Give back exactly the line containing "画像1: ad-130507-01 Kellogg's" and all that follow it in the data below, with the pictures left out.

INFORMATION PROVIDED
○ ○ ○ ○ ○

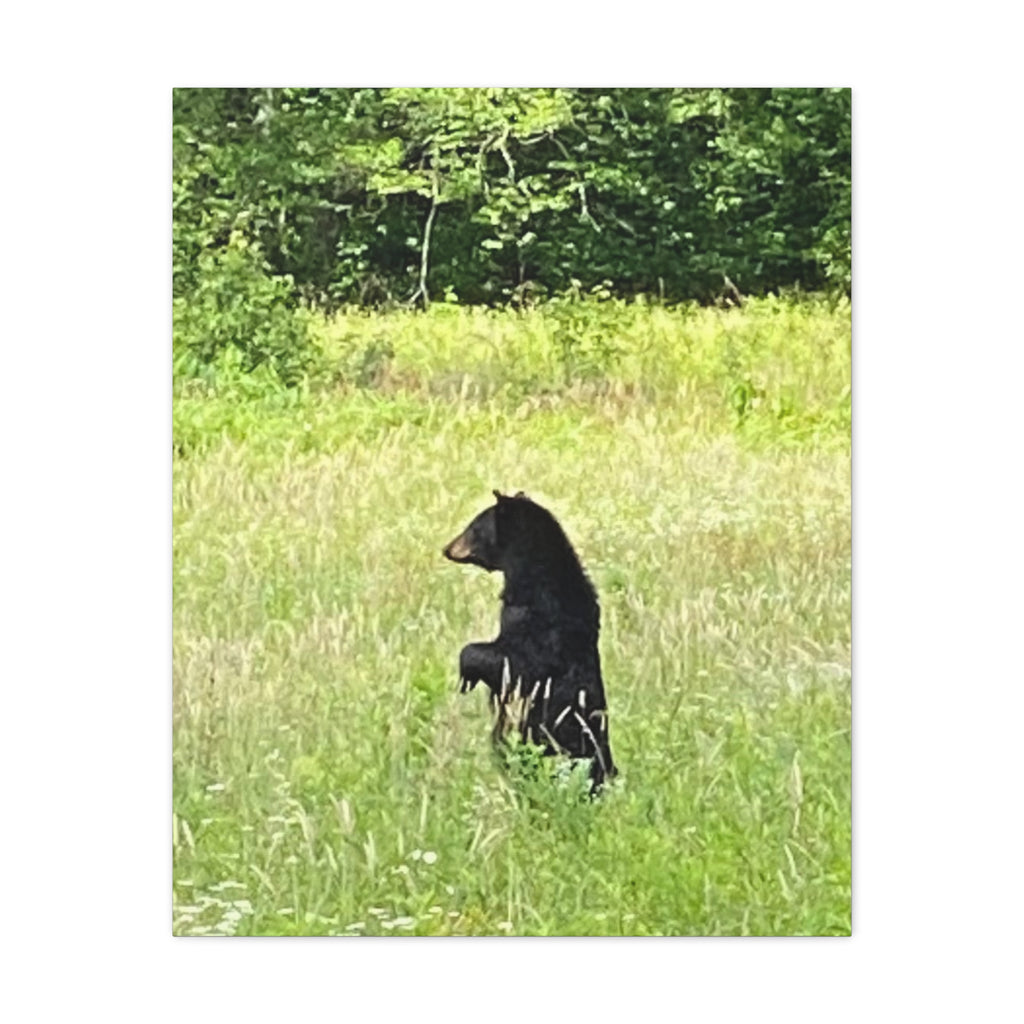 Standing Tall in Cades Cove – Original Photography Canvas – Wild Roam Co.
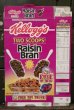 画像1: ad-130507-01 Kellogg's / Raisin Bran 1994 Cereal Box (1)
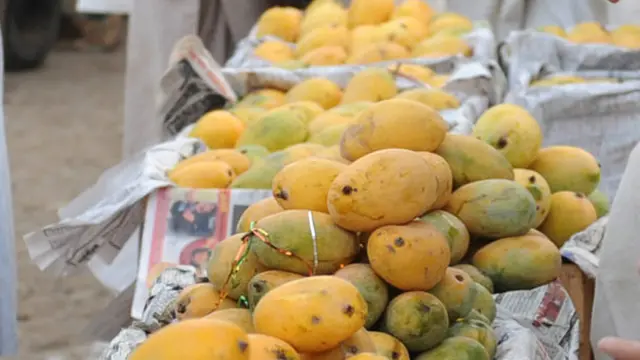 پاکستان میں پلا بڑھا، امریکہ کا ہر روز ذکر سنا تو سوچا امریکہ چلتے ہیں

○ ○ ○ ○ ○

ANSWER BOX
 画像1: ad-130507-01 Kellogg's / Raisin Bran 1994 Cereal Box (1)
 پاکستان میں پلا بڑھا، امریکہ کا ہر روز ذکر سنا تو سوچا امریکہ چلتے ہیں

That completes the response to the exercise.